RECORDS SHOWN:
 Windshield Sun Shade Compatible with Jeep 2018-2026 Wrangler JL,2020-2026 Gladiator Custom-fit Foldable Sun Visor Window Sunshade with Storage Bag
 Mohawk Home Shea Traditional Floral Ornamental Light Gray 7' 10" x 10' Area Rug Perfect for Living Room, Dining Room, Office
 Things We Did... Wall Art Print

---

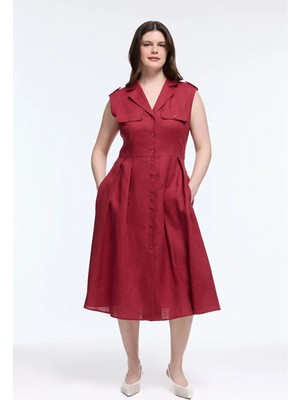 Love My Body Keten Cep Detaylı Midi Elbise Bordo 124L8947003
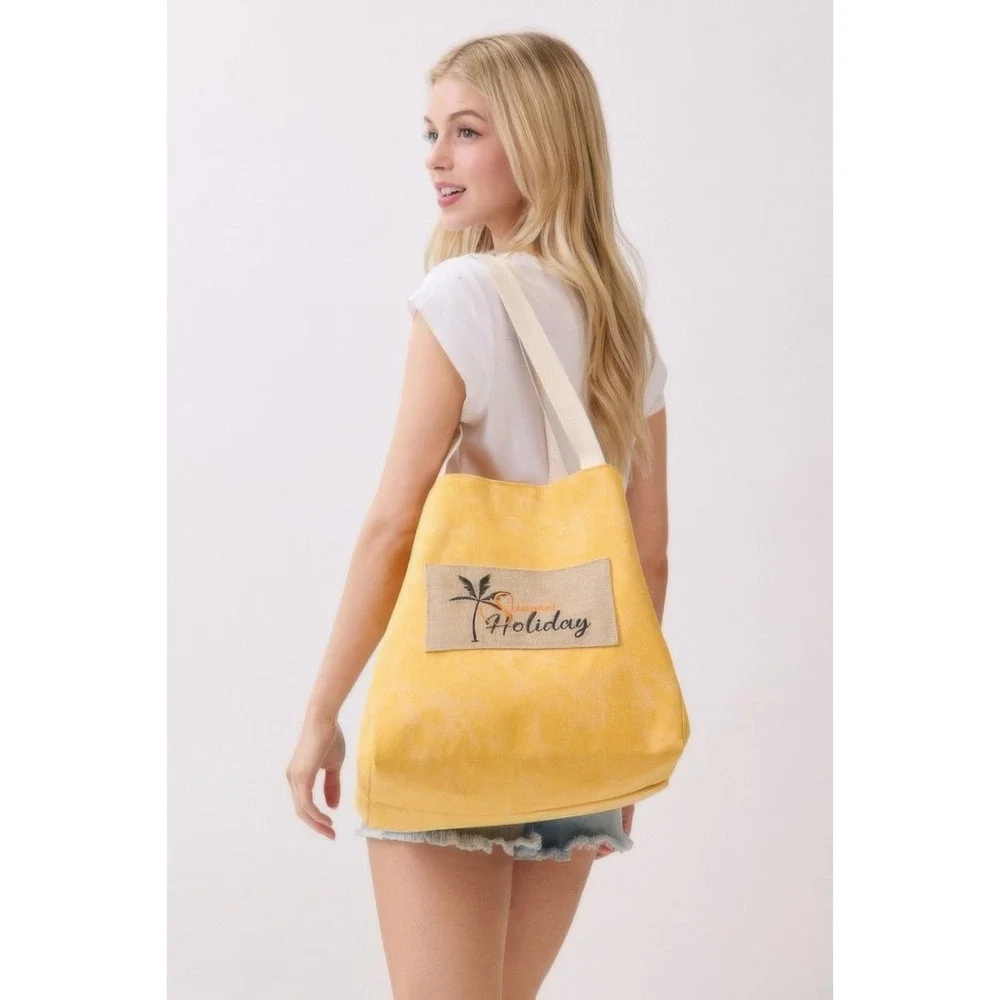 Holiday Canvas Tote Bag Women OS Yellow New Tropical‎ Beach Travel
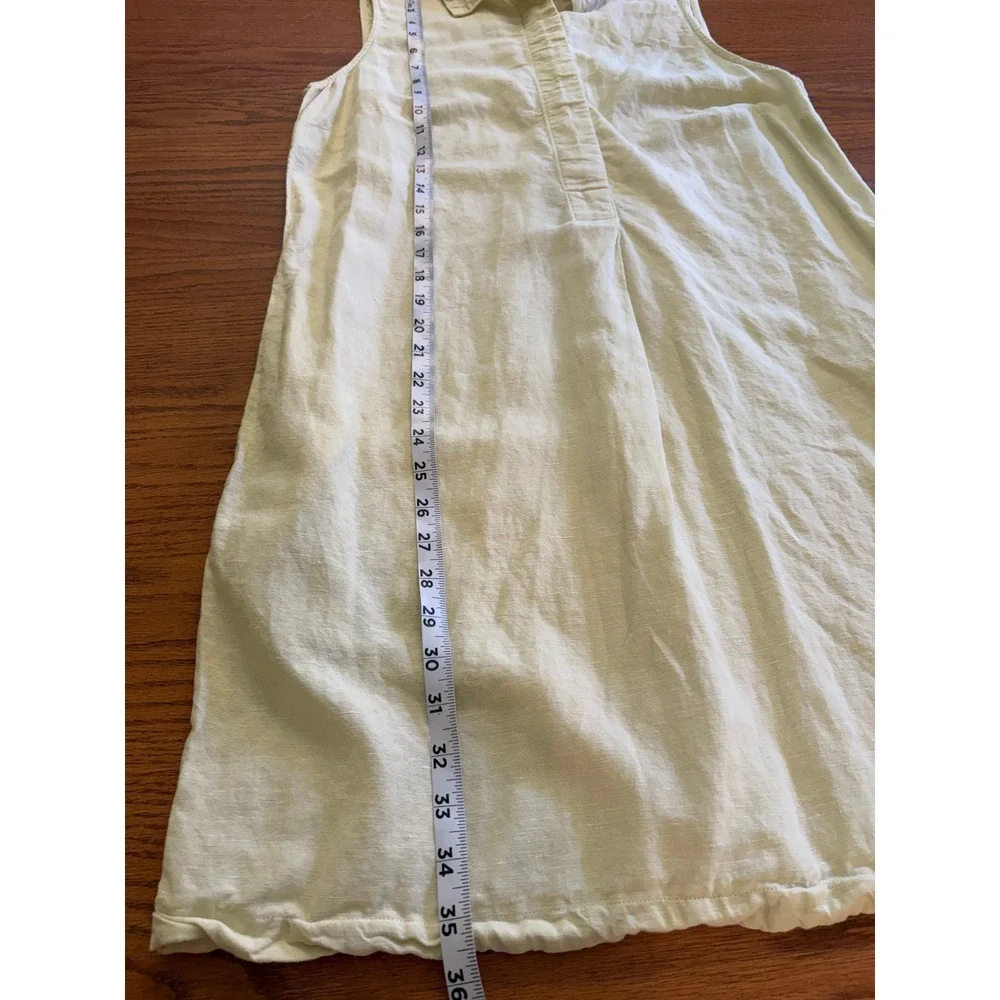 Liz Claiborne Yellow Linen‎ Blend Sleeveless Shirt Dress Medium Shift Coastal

EXERCISE GOAL:
Find where the line with "Windshield Sun Shade" sits in the material above, then copy exactly from it through the line with "Things We Did... Wall Art Print". Add no other line.

RESULT OF THE EXERCISE:
 Windshield Sun Shade Compatible with Jeep 2018-2026 Wrangler JL,2020-2026 Gladiator Custom-fit Foldable Sun Visor Window Sunshade with Storage Bag
 Mohawk Home Shea Traditional Floral Ornamental Light Gray 7' 10" x 10' Area Rug Perfect for Living Room, Dining Room, Office
 Things We Did... Wall Art Print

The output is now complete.